Nearly a week after the stunning (but not entirely unexpected news) that Tony Romo will stop playing (but not “retire” from) football to become only the fifth lead NFL analyst in CBS history, a very good question has emerged about Romo’s transition. And, like many things that make perfect sense, this one will never happen.
But it’s worth pondering, given the potential benefit it would have for Romo the broadcaster. Richard Deitsch of SI.com suggests that, for 2017, Romo should be the No. 2 analyst at CBS.
Deitsch argues as a threshold matter that Ian Eagle and Dan Fouts already do a better job than Jim Nantz and Phil Simms did. Apart from that, Romo would benefit from getting his initial reps on a platform with a lower profile.
“Romo has zero network broadcasting experience,” Deitsch writes. “That means he will be learning the mechanics of broadcasting on the fly while doing the network’s most significant NFL game every week. That’s a high-wire tightrope to walk no matter how bright or prepared you are in an era where social media opinions about broadcasters are impossible to ignore (CBS Sports management was well aware of the vitriol toward Mike Carey, and I believe it impacted their decision to not bring him back). Not only does Romo have a full Sunday schedule, but he will also be assigned five Thursday Night games. That’s a tough grind even for an experienced broadcaster, given the preparation and travel it requires.”
He’s right, but as Deitsch acknowledges it won’t ever happen. For starters, Nantz wouldn’t accept being knocked down to the No. 2 team, so at most it would be Nantz and Fouts on the top unit, w`ith Eagle and Romo spending a year together. Which also doesn’t make much sense, because just as Romo would be getting comfortable with Eagle, Romo would have to go back to square one with Nantz.
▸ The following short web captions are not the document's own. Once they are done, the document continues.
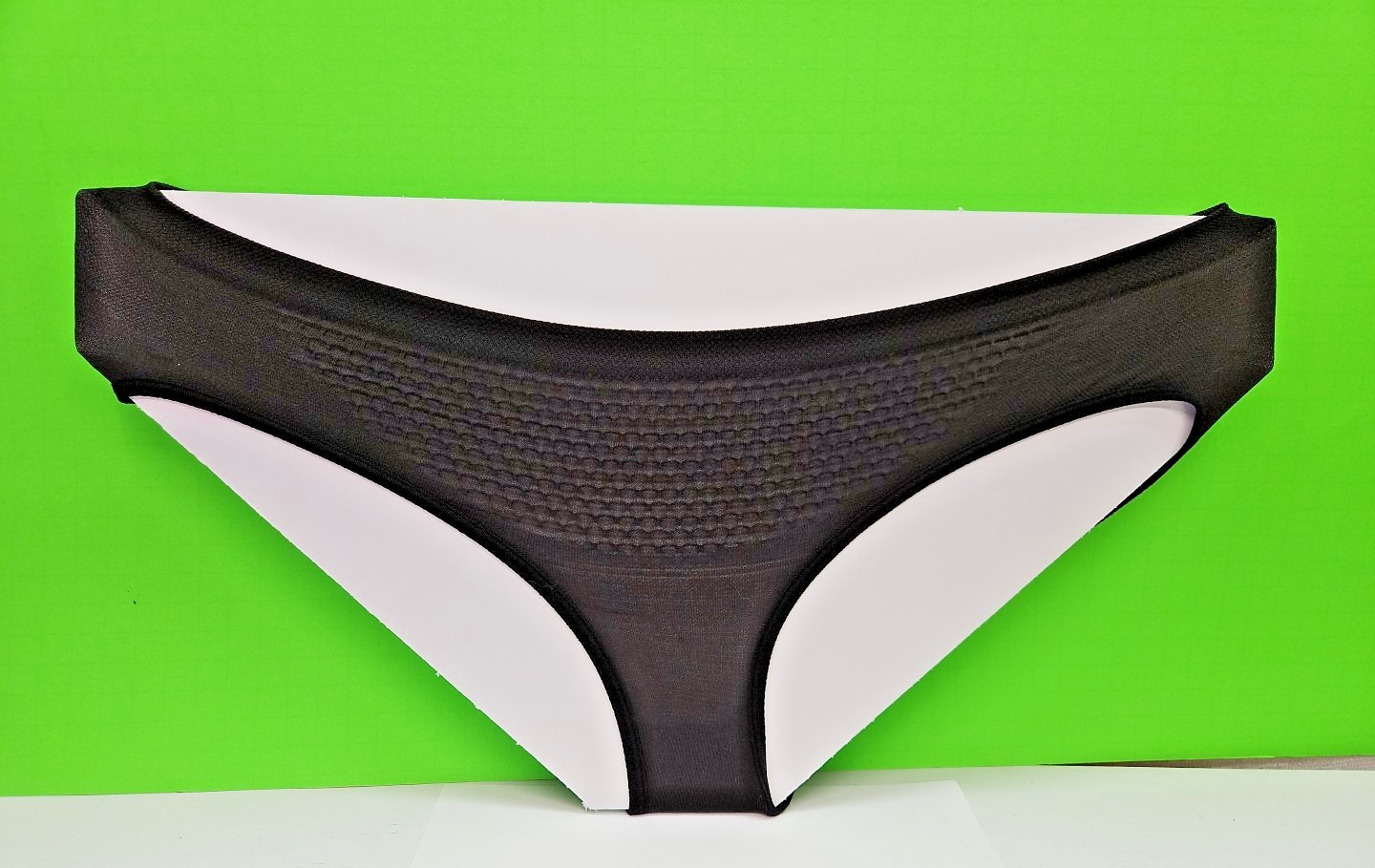 Women Panties Different brands, colors, and Patterns Size 2XL 3 pack. Read Below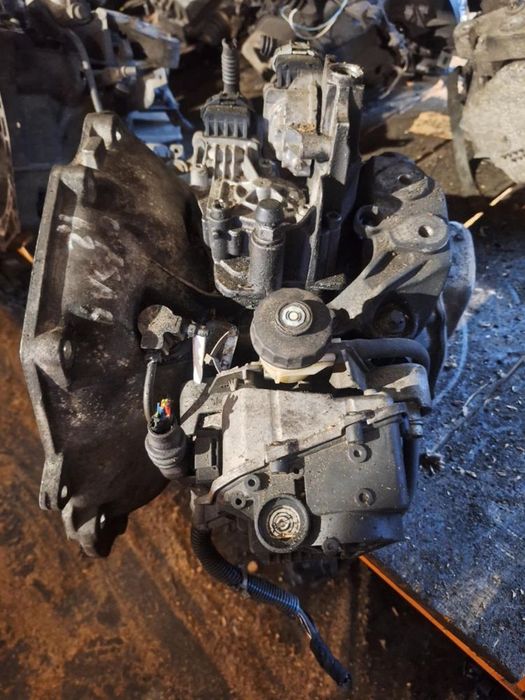 srzynia biegów opel corsa c 1.2 b automat easytronic gwarancja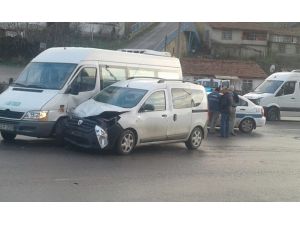 Ev tüpü taşıyan ticari araç servis minibüsüne çarptı: 1 yaralı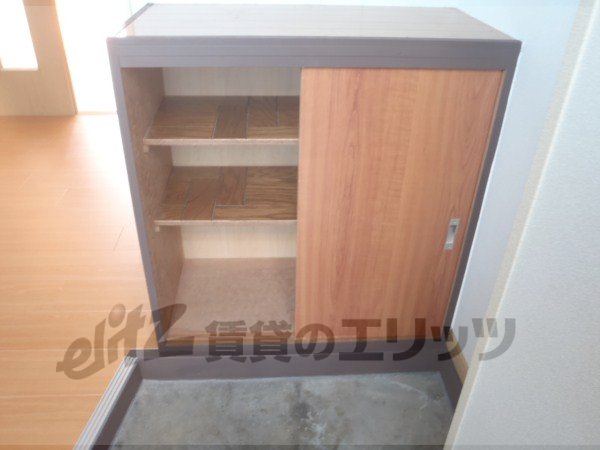 Other room space. Corridor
Also, CBS had to make Romo an offer he couldn’t refuse. A chance to be No. 1 in 2018 after serving a season as No. 2 may not have gotten Romo to give up football. Giving him the top spot did.
That’s where it becomes tempting to wonder aloud about the behind-the-scenes machinations that could have consisted of Cowboys owner Jerry Jones lobbying CBS Sports chairman Sean McManus about the value of replacing Simms with Romo. It could have easily been sold as a win-win; CBS gets a better analyst who can do the job for two or three full decades, and Jones doesn’t have to worry about Romo playing for (and thriving with) the Texans or anyone else.
And make no mistake about it. Jones didn’t want the coverage of his team to be diluted in Dallas by writers and broadcasters who become obsessed with Romo’s exploits elsewhere. If the Cowboys were to stumble in 2017 and if the Romo-led Texans were to thrive, the Texans could have supplanted America’s Team in its own hometown.
If that’s what happened, it explains plenty. From the one-day-he’s-getting-released-next-day-he-isn’t of a month ago to the one-day-other-teams-can-bring-him-in-for-a-visit-next-day-he’s-retired of a week ago, the inconsistencies suggest the absence of a plan but the end result became the best possible short-term outcome for Jones — and the best possible long-term outcome for Romo.
To make it happen, CBS had to offer Romo the No. 1 spot right now. Once it did, Romo couldn’t say no. Which surely had Jones discreetly pumping a fist and quietly muttering, “Yes.”